# Auchentoshan Three Wood, Mac's Malts #4



## PaulMac (Jul 15, 2003)

Last of the 4 lost reviews from crash of 2005:

Auchentoshan Three Wood, 43% ABV, 750 ml, $35-40 neighborhood
Auchentoshan is a lowland distillery, and perhaps the only one left in Scotland that still triple distills instead of double.


The name Three Wood comes from the fact that this whisky is aged for at least 10 years in Bourbon Wood, at least a year in Oloroso, and finally six months in Pedro Ximenez.

The color is a deep rich orange-brown, very deeply caramel.

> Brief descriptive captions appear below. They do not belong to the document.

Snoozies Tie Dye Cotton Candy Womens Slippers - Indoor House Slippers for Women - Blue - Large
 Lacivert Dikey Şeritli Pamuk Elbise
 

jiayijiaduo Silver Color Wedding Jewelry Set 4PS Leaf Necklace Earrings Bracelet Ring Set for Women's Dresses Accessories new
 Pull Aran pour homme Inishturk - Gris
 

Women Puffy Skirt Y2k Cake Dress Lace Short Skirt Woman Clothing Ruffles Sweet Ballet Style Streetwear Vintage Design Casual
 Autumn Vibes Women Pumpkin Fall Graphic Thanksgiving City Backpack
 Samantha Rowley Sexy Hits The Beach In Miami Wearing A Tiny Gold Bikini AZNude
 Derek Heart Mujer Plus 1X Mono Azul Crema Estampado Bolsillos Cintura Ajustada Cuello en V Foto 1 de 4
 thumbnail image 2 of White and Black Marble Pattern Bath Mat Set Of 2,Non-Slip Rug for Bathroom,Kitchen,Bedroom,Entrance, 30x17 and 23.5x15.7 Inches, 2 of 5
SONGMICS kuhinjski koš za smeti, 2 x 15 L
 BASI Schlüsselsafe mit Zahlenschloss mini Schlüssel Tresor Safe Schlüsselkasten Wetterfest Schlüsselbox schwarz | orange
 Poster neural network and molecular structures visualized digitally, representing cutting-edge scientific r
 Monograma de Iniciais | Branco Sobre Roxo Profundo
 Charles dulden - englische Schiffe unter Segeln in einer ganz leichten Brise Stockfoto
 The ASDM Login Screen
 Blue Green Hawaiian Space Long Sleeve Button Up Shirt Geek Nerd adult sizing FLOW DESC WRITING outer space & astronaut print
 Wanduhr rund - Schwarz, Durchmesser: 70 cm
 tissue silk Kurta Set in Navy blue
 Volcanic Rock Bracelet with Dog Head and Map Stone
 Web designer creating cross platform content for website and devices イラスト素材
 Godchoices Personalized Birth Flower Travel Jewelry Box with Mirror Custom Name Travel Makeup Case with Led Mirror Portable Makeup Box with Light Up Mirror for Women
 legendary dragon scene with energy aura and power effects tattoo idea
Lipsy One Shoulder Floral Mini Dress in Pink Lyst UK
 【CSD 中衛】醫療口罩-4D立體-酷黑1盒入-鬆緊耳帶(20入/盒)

The nose is where the fun begins, WOW! Very soft, with Orange zest, nuts and just a nice sweetness to it. My drinkin companion said he would be satisfied to just sniff the nose all night, but I knew he was lying. Medium bodied, the palate bombards you with a plethora of flavors, nuttiness abounds, and oakiness, and just several delicate fleeting flavors, all combining to make a whisky of incredible flavor, my friend said it was like drinking a warm, fuzzy, nutty blanket, that just wraps around your tongue and caresses it. Finish is nice and long, but smooth, with hints of raisin and more oak.

I tried to do this Scotch justice, but I really can't...I know my palate can't pick up all the flavors let alone try to put them into words...but lets just say, this scotch was incredible, and at the price, I expect this will be in my cabinet quite often.

Until next time,

Slainte!

PaulMac


----------



## NiteDog (Jul 4, 2005)

Excellent review! I appreciate you posting these reviews, as I am aspiring to sample as many singles as I can. Do you order your scotch online, if so could you tell me the best place. Thanks, looking forward to more reviews!


----------